Late-stage discussions are underway with a leading legal technology provider to exclusively refer this product to their extensive network, signaling potential for significant distribution growth. Additionally, PaySure is expanding its embedded payment and lending solutions in partnership with a global property management technology provider, servicing over 500,000 properties and processing more than 2.5 million transactions across Australia.
Capitalising Growth with New $30 Million Debt Facility
To underpin this rapid expansion, PaySure secured a new $30 million wholesale debt facility on 10 April 2025, replacing previous smaller facilities. The facility carries a blended interest rate of 9.25% plus the midpoint of the 1-month BBSW, is secured, and matures in April 2028 with a two-year extension option. This substantial capital injection is expected to accelerate PaySure’s growth trajectory, although the business anticipates reaching positive cash flow only in the 2026 financial year due to ongoing technology investments.
In parallel, Axiom has negotiated extensions and new short-term loans totaling approximately $1 million to manage near-term liquidity, with repayments scheduled by late June 2025. These moves reflect a prudent approach to balancing growth ambitions with financial discipline.

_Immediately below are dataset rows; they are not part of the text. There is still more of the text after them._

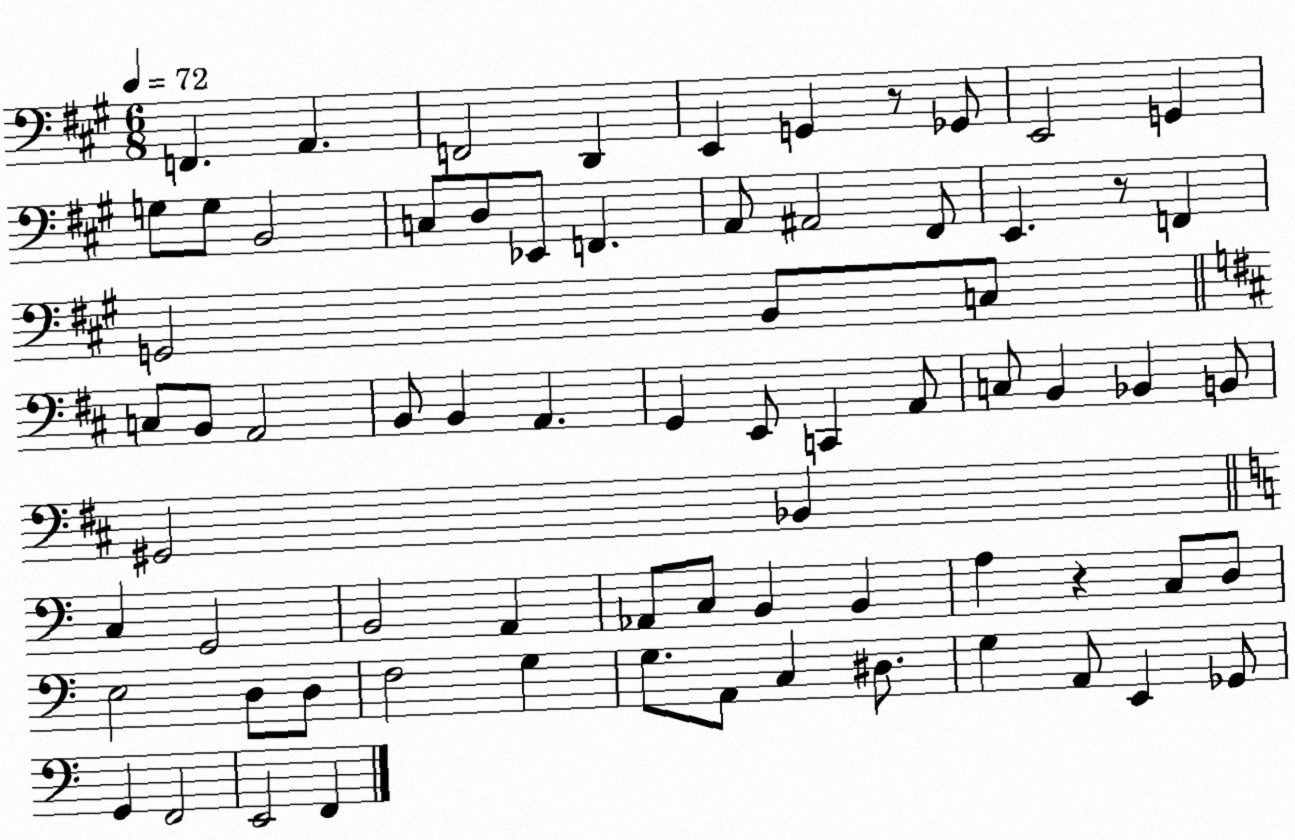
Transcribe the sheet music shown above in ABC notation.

X:1
T:Untitled
M:6/8
L:1/4
K:A
F,, A,, F,,2 D,, E,, G,, z/2 _G,,/2 E,,2 G,, G,/2 G,/2 B,,2 C,/2 D,/2 _E,,/2 F,, A,,/2 ^A,,2 ^F,,/2 E,, z/2 F,, G,,2 B,,/2 C,/2 C,/2 B,,/2 A,,2 B,,/2 B,, A,, G,, E,,/2 C,, A,,/2 C,/2 B,, _B,, B,,/2 ^G,,2 _B,, C, G,,2 B,,2 A,, _A,,/2 C,/2 B,, B,, A, z C,/2 D,/2 E,2 D,/2 D,/2 F,2 G, G,/2 A,,/2 C, ^D,/2 G, A,,/2 E,, _G,,/2 G,, F,,2 E,,2 F,,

Mount Barker Development Nears Completion, Unlocking Cash Flow
On the Property Development front, the Mount Barker subdivision project, Glenlea Estate, has matured sufficiently to generate surplus cash flow for the joint venture partners. During the quarter, Axiom received around $1.1 million in development fees and proceeds, with further settlements expected in the June quarter as lots from Stages 7 and 8 begin to settle. These proceeds have enabled the joint venture to fully repay the BankSA project financing used for constructing 28 allotments.

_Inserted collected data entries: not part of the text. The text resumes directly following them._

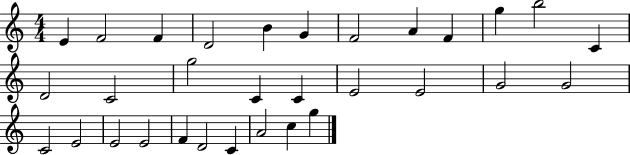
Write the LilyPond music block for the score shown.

{
  \clef treble
  \numericTimeSignature
  \time 4/4
  \key c \major
  e'4 f'2 f'4 | d'2 b'4 g'4 | f'2 a'4 f'4 | g''4 b''2 c'4 | \break d'2 c'2 | g''2 c'4 c'4 | e'2 e'2 | g'2 g'2 | \break c'2 e'2 | e'2 e'2 | f'4 d'2 c'4 | a'2 c''4 g''4 | \break \bar "|."
}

Significantly, the joint venture executed an unconditional contract to divest approximately 11 hectares of remaining development land to a Sydney-based residential property investor, with settlement anticipated by 20 June 2025. This transaction is expected to yield net proceeds of about $7.6 million, half of which will accrue to Axiom, providing a substantial liquidity boost.
Strategic Focus on Sustainable Recurring Income
Axiom continues to monitor its capital requirements closely, aiming to optimize its financial structure across its diverse activities. The company is actively pursuing initiatives to build a more sustainable recurring income stream, particularly through its property technology investments like PaySure. This strategic pivot reflects a broader industry trend where technology-enabled services offer scalable, predictable revenue compared to traditional property development cycles.
Despite a modest $200,000 decrease in cash reserves to $1.658 million during the quarter, Axiom’s total available funding stands at $2.733 million when factoring in unused finance facilities. The company’s management remains confident in its ability to meet operational needs and business objectives as it navigates the transition to a technology-driven growth model.
Bottom Line?
Axiom’s blend of property development cash flow and tech-driven growth positions it well for a transformative 2025–26, but execution risks remain.
Questions in the middle?
- How quickly can PaySure achieve positive cash flow given ongoing technology investments?
- What impact will the new bridging loan product have on PaySure’s revenue and market penetration?
- Will the $7.6 million land sale settlement proceed on schedule, and how will proceeds be deployed?